Feel free to open a pull-request if you encounter any flaws.

In version 0.2.0, support for reading some source-code information has been added.
SourcetrailDotnetIndexer attempts to read information from PDB-files if they were found next to the assembly. (e.g. if the path to your assembly is c:\temp\myApp.exe SourcetrailDotnetIndexer attempts to load the PDB c:\temp\myApp.pdb)
This enables the tool to read the source-formation about where a type or a method is referenced in a method.
(See the second screenshot below)
If you need more control over where to locate the PDB-files, please open an issue (or better yet: open a pull-request ! :) and describe your scenario.

Building

Open the .sln in VisualStudio and build.
Make sure, you set the target-platform to x64 ! (because of the native SourcetrailDB.dll)

Usage

The following command-line arguments are supported:

  • -i assembly-path
    specifies the path to the input-assembly, from which the sourcetrail-database is generated.
    can be specified multiple times to generate a multi-assembly-database (the -of switch is mandatatory in this case)
  • -if file-path
    specifies the path to a text-file that contains the paths of the assemblies to index.
    NOTE: when using this option, the -of switch is mandatory
    See the paragraph Building a multi-assembly database below for details.
  • -s search-path
    path to load referenced assemblies from
    this option may be specified multiple times.
    e.g -s C:\Windows\Microsoft.NET\Framework64\v4.0.30319
  • -f name-filter
    a string (in regex-format) to specify namespaces, that should be ignored when generating the database.
    this option may be specified multiple times.
    e.g. -f ^System -f ^Microsoft
  • -ami (short for All-Method-Invocations)
    If specified, collects all methods which are invoked from already collected methods, even if they would normally be ignored, because they reside in a foreign assembly.
    This is useful when you don't want to include the System namespace, but still want to see invocations of e.g. Console.WriteLine from your code.
  • -fn name-filter
    See the paragraph Building a multi-assembly database below for details.
  • -ff file-name
    See the paragraph Building a multi-assembly database below for details.
  • -o output-path
    specifies the path, where the database is written to.
    the output filename is always the name of the assembly with the extension .srctrldb.
    note that SourcetrailDB automatically creates a file with the .srctrlprj extension in the same folder, this is the file you load in Sourcetrail.
  • -of output-filename
    full path and filename of the generated database
    If both -o and -of are specified, -of takes precedence.
  • -ag
    Allows indexing types from the global namespace (types which have no namespace) which are skipped by default
    In Sourcetrail, these types will be listed under the __Global__ namespace
  • -w
    if specified, waits for the user to press enter before exiting.
    intended when running from inside VS to keep the console-window open.

Note
If you encounter exceptions when running the tool stating Unable to load DLL 'SourcetrailDB', your system may be missing the Visual C++ Runtime required by the native SourcetrailDB dll.
In that case, install the runtime for Visual Studio 2019 from this link.
(make sure to install the x64 version)


Building a multi-assembly database

Note: If you don't need the fine-grained control described here, you may want to skip to the easy way.

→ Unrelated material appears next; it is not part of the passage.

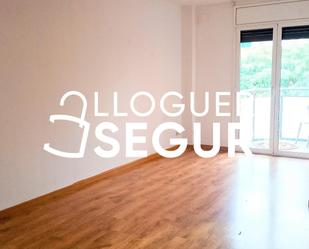 Bedroom of Flat to rent in Sant Andreu de la Barca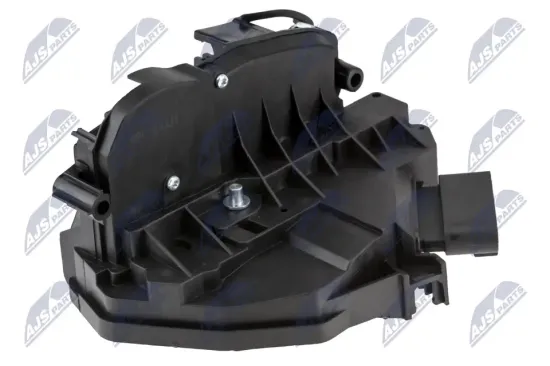 Türschloss 12 V vorne links NTY EZC-FR-368 Bild Türschloss 12 V vorne links NTY EZC-FR-368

It is a rare case that you have a single executable/dll for your application.
Most of the time, you have additional libraries that are used (e.g. referenced) by your application.
Since v0.2.4 SourcetrailDotnetIndexer is able to follow these references and include them in the generated database as well.
To accomplish this, two new command-line switches were introduced:

  • -fn name-filter
    Specifies a string that is treated as a regex that matches one or more namespace-names.
    If SourcetrailDotnetIndexer encounters a type from a different assembly than the one specified with the -i switch, it checks whether the namespace of this type matches one of the specified regex-patterns.
    If the name matches, the type is included in the generated database.
  • -ff file-name
    This is a convenience-option.
    Instead of having to specify multiple namespaces with the -fn switch, you can specify a single file that contains all the namespace-names which make up your application.

Consider this fairly simple VisualStudio solution:
DemoSolution
It contains a .net5 console application and 3 class libraries (in netstandard 2.0 format)
The namespaces of these projects match their project-name (e.g. classes in Lib2 have the namespace "Lib2").
If you would index the ConsoleDemo project, you would just see a single class in Sourcetrail:
SingleClass
To index the assemblies referenced by ConsoleDemo as well, we utilize the -fn switch.
The command line would look something like this:
SourcetrailDotnetCoreIndexer.exe -i ConsoleDemo.dll -o . -f ^System -fn ^Lib\d
Note the -fn switch, here we utilize the fact that the namespaces have a common format (Lib1 to Lib3) so we use the regex-pattern \d that matches a single digit (a character in the range '0' to '9').
As an alternative, we could have specified the namespaces explicitly to generate the same output:
-fn ^Lib1 -fn ^Lib2 -fn ^Lib3

Note: If the same pattern is specified for the -f AND the -fn switch, the -f switch takes precedence.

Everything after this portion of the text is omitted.